Modern Python Tooling for Apache Iceberg
The Python Iceberg Ecosystem in 2026
Apache Iceberg started as a Java project. The table format specification, the core libraries, and the major query engines all ran on the JVM. Python users who wanted to work with Iceberg tables had two options. Install PySpark and use the Spark Iceberg integration, or write raw HTTP calls against the Iceberg REST Catalog API.
Neither option was satisfying. PySpark is a 500MB dependency that takes minutes to start. Raw HTTP calls work but skip all the metadata handling that makes Iceberg useful.
The Python ecosystem around Iceberg has matured rapidly. PyIceberg, the official Apache Python client, now sees over 500,000 daily PyPI downloads according to PyPI download statistics. IceFrame provides a pandas-like DataFrame interface built on top of PyIceberg. The PyIceberg CLI gives command-line access to table metadata and properties.
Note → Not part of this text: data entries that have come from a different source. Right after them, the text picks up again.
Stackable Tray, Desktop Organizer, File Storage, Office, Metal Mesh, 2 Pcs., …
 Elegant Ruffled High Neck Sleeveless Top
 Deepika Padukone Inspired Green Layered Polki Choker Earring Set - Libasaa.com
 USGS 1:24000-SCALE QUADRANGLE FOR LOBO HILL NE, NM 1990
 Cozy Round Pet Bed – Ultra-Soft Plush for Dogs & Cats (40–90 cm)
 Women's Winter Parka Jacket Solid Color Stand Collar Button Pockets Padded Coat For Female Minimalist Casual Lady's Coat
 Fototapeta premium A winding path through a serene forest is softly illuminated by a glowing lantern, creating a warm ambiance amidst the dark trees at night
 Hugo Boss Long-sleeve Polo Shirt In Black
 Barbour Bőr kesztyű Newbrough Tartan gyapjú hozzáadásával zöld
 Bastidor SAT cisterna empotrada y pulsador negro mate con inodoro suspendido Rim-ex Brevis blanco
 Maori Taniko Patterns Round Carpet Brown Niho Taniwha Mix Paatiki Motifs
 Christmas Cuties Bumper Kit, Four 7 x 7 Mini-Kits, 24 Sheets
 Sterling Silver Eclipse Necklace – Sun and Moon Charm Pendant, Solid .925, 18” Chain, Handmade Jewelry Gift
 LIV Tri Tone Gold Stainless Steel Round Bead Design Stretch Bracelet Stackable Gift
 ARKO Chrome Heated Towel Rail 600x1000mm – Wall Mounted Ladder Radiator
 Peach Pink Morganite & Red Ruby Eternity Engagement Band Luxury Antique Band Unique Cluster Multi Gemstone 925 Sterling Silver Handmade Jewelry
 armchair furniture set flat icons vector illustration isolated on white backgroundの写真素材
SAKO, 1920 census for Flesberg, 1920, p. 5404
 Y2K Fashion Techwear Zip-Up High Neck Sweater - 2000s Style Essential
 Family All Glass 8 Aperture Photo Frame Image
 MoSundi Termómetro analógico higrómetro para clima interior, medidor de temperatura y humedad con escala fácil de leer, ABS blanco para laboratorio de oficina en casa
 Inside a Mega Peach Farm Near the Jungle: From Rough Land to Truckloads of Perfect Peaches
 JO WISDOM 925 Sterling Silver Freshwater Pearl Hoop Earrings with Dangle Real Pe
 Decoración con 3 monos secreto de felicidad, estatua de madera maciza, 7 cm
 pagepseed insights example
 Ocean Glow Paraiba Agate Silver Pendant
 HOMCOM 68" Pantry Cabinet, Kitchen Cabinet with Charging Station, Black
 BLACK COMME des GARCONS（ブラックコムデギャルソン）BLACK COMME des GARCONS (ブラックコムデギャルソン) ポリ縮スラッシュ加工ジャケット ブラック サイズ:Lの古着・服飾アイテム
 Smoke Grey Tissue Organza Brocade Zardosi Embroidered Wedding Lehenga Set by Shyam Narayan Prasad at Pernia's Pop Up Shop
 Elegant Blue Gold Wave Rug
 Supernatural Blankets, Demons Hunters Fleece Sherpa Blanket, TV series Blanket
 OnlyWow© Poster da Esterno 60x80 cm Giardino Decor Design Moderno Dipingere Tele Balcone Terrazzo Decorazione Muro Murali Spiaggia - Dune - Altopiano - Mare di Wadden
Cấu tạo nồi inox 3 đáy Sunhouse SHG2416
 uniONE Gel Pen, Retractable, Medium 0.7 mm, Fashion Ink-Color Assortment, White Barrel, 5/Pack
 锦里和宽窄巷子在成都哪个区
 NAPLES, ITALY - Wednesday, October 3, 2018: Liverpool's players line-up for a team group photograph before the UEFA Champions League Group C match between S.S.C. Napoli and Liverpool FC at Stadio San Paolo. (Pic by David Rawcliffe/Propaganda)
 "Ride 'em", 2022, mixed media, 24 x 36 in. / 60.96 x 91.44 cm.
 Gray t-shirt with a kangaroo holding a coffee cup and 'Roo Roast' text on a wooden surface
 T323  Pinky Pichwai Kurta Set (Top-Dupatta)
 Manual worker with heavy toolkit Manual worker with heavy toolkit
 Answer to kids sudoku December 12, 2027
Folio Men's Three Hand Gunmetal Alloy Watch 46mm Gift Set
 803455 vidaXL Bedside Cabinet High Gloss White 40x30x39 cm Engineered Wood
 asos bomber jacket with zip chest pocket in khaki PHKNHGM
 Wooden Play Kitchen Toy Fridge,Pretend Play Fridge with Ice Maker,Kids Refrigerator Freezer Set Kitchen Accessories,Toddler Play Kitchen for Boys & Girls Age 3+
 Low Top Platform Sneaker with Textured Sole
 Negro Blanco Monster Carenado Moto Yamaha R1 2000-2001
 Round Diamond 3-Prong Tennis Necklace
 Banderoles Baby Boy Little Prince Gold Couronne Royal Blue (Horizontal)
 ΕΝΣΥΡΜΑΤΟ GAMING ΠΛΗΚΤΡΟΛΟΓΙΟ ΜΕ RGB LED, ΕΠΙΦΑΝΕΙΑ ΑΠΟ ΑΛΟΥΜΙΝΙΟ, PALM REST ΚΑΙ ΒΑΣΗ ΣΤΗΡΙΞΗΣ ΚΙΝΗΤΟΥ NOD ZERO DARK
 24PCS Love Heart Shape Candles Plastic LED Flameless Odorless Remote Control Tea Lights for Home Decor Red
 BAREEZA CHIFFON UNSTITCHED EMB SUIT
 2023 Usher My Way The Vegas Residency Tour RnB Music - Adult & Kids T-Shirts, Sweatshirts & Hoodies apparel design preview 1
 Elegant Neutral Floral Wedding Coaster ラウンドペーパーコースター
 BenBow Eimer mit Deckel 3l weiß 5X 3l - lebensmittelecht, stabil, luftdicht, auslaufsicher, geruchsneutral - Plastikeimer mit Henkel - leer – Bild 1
These three tools form a complete Python toolchain for Iceberg table management. Each targets a different workflow. Together they cover metadata inspection, catalog automation, data engineering, and AI agent integration. None of them require a JVM.
PyIceberg: The Foundation
PyIceberg is the official Apache Python library for Iceberg. It provides programmatic access to Iceberg table metadata and data without needing Java or Spark. The library works with any Iceberg REST catalog, including Apache Polaris, AWS Glue, and Databricks Unity Catalog.
PyIceberg’s architecture mirrors the Iceberg specification. It handles catalog operations (listing namespaces, creating tables), metadata operations (reading snapshots, schema evolution), and data operations (appending files, reading table data). The library uses PyArrow for columnar data handling and supports Parquet, Avro, and ORC file formats.
A typical PyIceberg workflow looks like this:
from pyiceberg.catalog import load_catalog
catalog = load_catalog(
"default",
**{
"uri": "https://catalog.example.com/api/iceberg",
"warehouse": "my_warehouse",
}
)
table = catalog.load_table("sales.transactions")
for snapshot in table.snapshots():
print(f"Snapshot {snapshot.snapshot_id}: "
f"{snapshot.operation}, "
f"{snapshot.timestamp_ms}")
This code connects to an Iceberg REST catalog, loads a table, and iterates its snapshots. No Spark context, no JVM startup, no Hadoop configuration. The entire operation runs in Python.
PyIceberg also supports schema evolution, partition pruning, time travel, and branch operations. You can add a column, roll back to a previous snapshot, or create a write-audit-publish branch. All through Python APIs.
The library’s daily download count of 500,000+ reflects its adoption beyond the data engineering community. ML engineers use PyIceberg to read training data from Iceberg tables directly into PyArrow or pandas DataFrames. Platform engineers use it to automate catalog operations. AI agents use it through MCP servers for governed data access.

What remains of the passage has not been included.